### WHAT NEEDS TO BE DONE
Without including any images, repeat the data exactly.

### DATA EXTRACT
*****

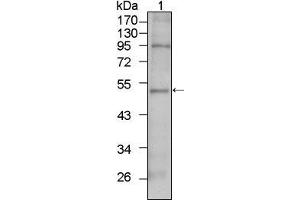 Western Blot showing TBX5 antibody used against HepG2 cell lysate (1).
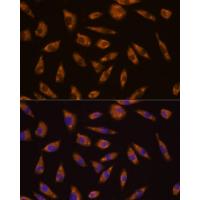 GLP1R Rabbit Polyclonal Antibody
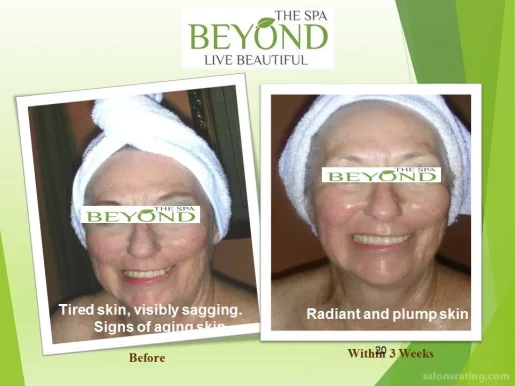 BEYOND THE SPA #1 ~ HIFU-Ultherapy Face-Neck Lift for Lower Session Trial: $499.00 ~, San Jose - Photo 5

*****

### ANSWER SECTION
 Western Blot showing TBX5 antibody used against HepG2 cell lysate (1).
 GLP1R Rabbit Polyclonal Antibody
 BEYOND THE SPA #1 ~ HIFU-Ultherapy Face-Neck Lift for Lower Session Trial: $499.00 ~, San Jose - Photo 5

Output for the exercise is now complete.